El reencuentro con tu familia en Chile fue una alegría después de varios meses de ausencia: tus padres, tu hermana Claudia y tus pequeñas sobrinas. Celebraste con ellos tus 48 años. Te veían feliz, viviendo en plenitud. Claro, tenías tu vida tan sincronizada a los latidos de la voluntad de Dios que contagiabas pasión, esperanza y entusiasmo.
Algo nos ha pasado con tu muerte. Andábamos preocupados en urgencias y no nos dábamos cuenta de lo que tú intuías como esencial: “Requerimos de tiempos importantes de silencio, para estar con Jesús.
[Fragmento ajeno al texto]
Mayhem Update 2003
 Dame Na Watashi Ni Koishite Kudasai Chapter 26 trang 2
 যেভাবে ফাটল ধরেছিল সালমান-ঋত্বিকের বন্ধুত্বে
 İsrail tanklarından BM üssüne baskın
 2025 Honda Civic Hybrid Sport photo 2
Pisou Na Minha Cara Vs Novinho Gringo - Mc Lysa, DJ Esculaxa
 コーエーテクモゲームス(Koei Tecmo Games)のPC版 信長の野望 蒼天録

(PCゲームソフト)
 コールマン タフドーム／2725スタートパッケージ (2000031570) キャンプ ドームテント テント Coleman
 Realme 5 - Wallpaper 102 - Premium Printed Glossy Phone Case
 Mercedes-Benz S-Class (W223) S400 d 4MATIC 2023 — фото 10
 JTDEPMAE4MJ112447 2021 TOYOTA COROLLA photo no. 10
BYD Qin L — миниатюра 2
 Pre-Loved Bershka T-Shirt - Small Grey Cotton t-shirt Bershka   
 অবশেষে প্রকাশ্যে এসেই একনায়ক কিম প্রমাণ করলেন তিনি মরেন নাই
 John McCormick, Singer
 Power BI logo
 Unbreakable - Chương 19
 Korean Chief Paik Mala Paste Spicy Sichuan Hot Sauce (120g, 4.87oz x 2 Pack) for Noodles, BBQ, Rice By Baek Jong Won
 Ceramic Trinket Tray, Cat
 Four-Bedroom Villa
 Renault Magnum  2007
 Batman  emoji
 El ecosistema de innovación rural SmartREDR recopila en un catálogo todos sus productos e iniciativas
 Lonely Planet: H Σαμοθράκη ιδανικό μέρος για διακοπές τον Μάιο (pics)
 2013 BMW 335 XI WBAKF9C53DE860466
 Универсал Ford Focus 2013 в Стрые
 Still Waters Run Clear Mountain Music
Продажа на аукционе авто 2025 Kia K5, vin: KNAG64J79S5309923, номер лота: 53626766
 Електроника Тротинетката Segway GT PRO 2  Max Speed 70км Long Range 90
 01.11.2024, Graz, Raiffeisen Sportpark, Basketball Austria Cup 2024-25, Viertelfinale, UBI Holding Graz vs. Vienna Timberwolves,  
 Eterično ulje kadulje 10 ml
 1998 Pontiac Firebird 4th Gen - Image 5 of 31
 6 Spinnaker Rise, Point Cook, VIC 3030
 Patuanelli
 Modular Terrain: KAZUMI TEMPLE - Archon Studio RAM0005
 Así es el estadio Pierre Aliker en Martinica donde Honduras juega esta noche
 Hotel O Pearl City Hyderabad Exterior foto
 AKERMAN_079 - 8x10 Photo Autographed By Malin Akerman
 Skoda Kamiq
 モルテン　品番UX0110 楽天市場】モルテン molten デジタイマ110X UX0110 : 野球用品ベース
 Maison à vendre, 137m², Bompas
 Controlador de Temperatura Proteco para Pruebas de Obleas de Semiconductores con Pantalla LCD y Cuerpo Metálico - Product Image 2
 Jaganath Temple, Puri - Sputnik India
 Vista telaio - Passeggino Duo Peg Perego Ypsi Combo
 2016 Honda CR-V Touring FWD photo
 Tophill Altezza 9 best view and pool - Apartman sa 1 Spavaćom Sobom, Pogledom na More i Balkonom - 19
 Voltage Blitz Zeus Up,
En ese silencio escuchamos una palabra muy fundamental de parte de Dios. Esa palabra en que nos dice te amo, y te elijo, y te llamo por tu nombre”.
Te definías con sencillez: hermano de los SS.CC., caminante, gozador de la vida y de la literatura, buscador del Reino y su justicia. Y las personas que conocieron tu profunda conexión con el Corazón de Dios, como la hermana María Planas, tu acompañante espiritual, corroboran el modelado del Amigo en ti: “He sido testigo de sus búsquedas y de la belleza de su corazón, del trabajo exquisito de Dios en él, y por él, en tantos”.
Como el Tata Esteban Gumucio, modelo de religioso y sacerdote, escribías cuentos, poesías, relatos y pedaleabas en bicicleta. Eras capaz de compartir los susurros de Dios con los hermanos, porque la riqueza que había en ti sabías, generosamente y sin ruido, comunicarla. Firme y suave, arriesgaste tu vida desde la creatividad y la libertad. Como el beato Angelelli, Ronaldo Muñoz y el Cura Brochero, te hiciste servidor del pueblo, recitador de versos y transformador de lo cotidiano con la revolución de tu ternura.
Algo nos ha pasado con tu muerte, que nos descoloca y nos hace apostar por la amistad con Dios y con los hermanos. Tu fraternidad y tu sacerdocio nos han alborotado. Abrazaste la vida y la amaste. Inspirado en Teresa de Ávila y en el hermanito Carlos de Foucauld, renunciaste a una brillante carrera de abogado en el mundo, para dejar de ser Matías Valenzuela y adoptar el solo nombre que tanto te gustaba: Matías de Jesús.